Con il sì del Senato è stata appena approvata la “legge sulla povertà“, come si è affrettato a cinguettare il premier Gentiloni. In quest’era del politically correct è indicativo come non si sia riusciti a trovare un altro modo per definire, ancorché gergalmente, ma da parte di istituzioni e grandi media, questo provvedimento. E’ un’ammissione che le istituzioni considerino “poveri” gli economicamente instabili.
Povertà materiale non dovrebbe poter essere identificata, perlomeno dal legislatore, o dalla grande testata editoriale, come povertà. Ci sono tanti tipi povertà, ma l’unica che non è necessariamente povertà è quella di chi cava farfalle dal portafogli.

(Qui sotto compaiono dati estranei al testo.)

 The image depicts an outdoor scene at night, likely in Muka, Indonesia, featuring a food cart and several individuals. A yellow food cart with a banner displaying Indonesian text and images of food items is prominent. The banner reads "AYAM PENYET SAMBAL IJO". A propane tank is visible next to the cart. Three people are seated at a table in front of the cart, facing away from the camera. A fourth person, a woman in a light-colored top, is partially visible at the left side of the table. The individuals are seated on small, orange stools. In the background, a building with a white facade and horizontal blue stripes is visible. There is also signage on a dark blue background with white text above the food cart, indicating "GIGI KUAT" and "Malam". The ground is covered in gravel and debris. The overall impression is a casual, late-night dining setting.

“Si compie oggi un passo storico“
è stato il commento del ministro del Lavoro e delle Politiche sociali Giuliano Poletti.
“Per la prima volta il nostro Paese si dota di uno strumento nazionale e strutturale di contrasto alla povertà – il reddito di inclusione (REI) – che ci consente di introdurre progressivamente una misura universale fondata sull’esistenza di una condizione di bisogno economico e non più sull’appartenenza a particolari categorie (anziani, disoccupati, disabili, genitori soli, eccetera)”.
Poletti annunciato come le le risorse stanziate per questo istituto siano di 2 miliardi di euro per il 2017 ed altrettanti per il 2018, con i quali si potranno sarà possibile dare un concreto aiuto a circa due milioni di persone.